### Goal of the exercise
Please output every record below exactly as written, leaving out any pictures.

### Exercise inputs
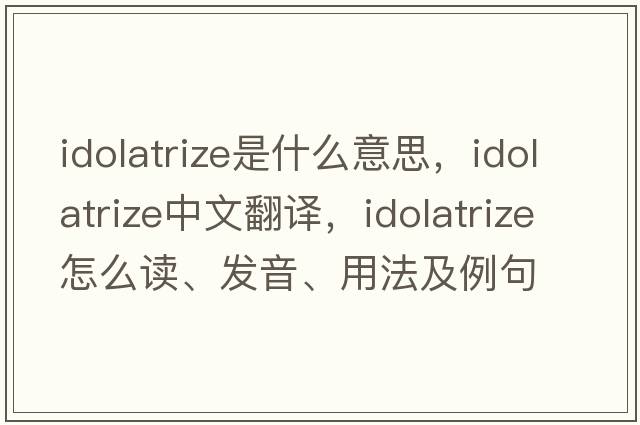 idolatrize是什么意思，idolatrize中文翻譯，idolatrize怎么讀、發(fā)音、用法及例句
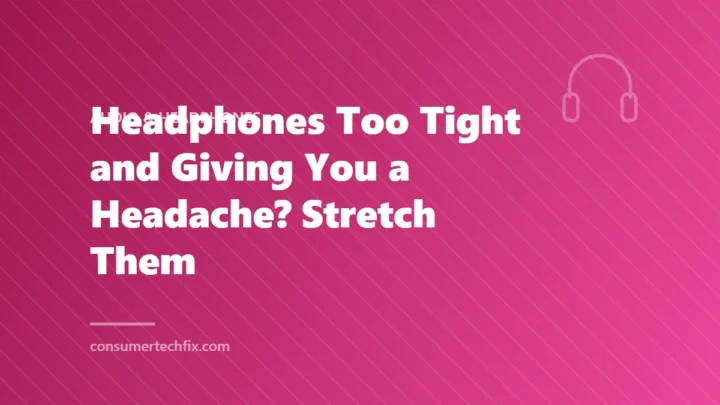 Headphones Too Tight and Giving You a Headache? Stretch Them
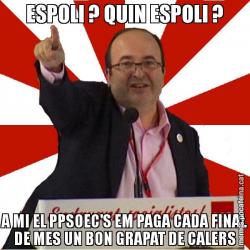 ESPOLI ? QUIN ESPOLI ? A MI EL PPSOEC'S EM PAGA CADA FINAL DE MES UN BON GRAPAT DE CALERS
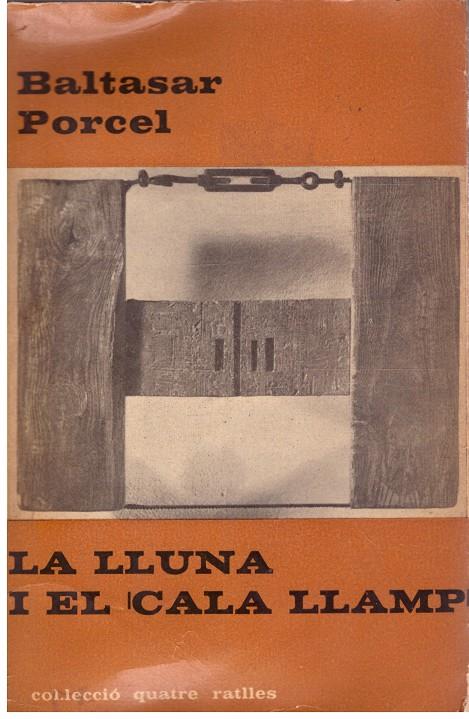 LA LLUNA I EL CALA LLAMP | 9999900020595 | Porcel, Baltasar | Llibres de Companyia - Libros de segunda mano Barcelona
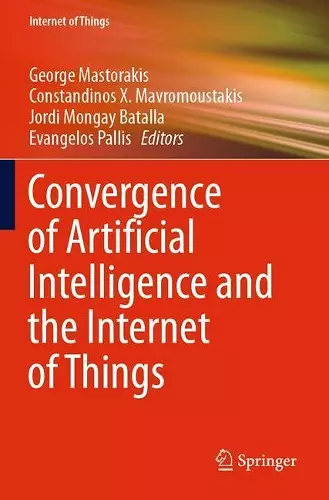 Convergence of Artificial Intelligence and the Internet of Things cover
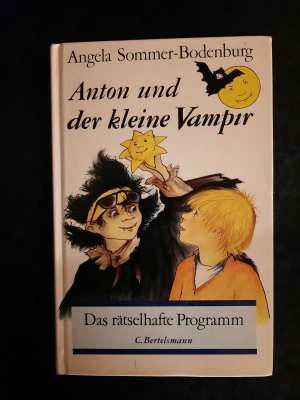 gebrauchtes Buch – Angela Sommer-Bodenburg – Anton und der kleine Vampir. Das rätselhafte Programm. Neue Folge Band 3.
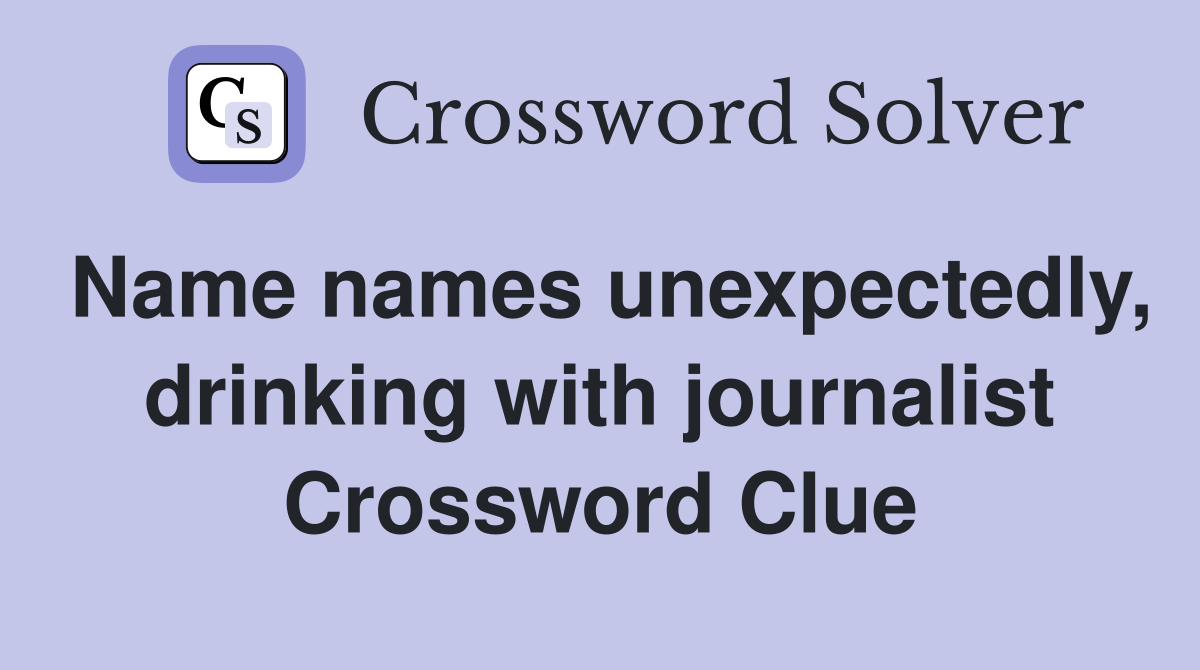 Name names unexpectedly, drinking with journalist Crossword Clue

### Answer space
 idolatrize是什么意思，idolatrize中文翻譯，idolatrize怎么讀、發(fā)音、用法及例句
 Headphones Too Tight and Giving You a Headache? Stretch Them
 ESPOLI ? QUIN ESPOLI ? A MI EL PPSOEC'S EM PAGA CADA FINAL DE MES UN BON GRAPAT DE CALERS
 LA LLUNA I EL CALA LLAMP | 9999900020595 | Porcel, Baltasar | Llibres de Companyia - Libros de segunda mano Barcelona
 Convergence of Artificial Intelligence and the Internet of Things cover
 gebrauchtes Buch – Angela Sommer-Bodenburg – Anton und der kleine Vampir. Das rätselhafte Programm. Neue Folge Band 3.
 Name names unexpectedly, drinking with journalist Crossword Clue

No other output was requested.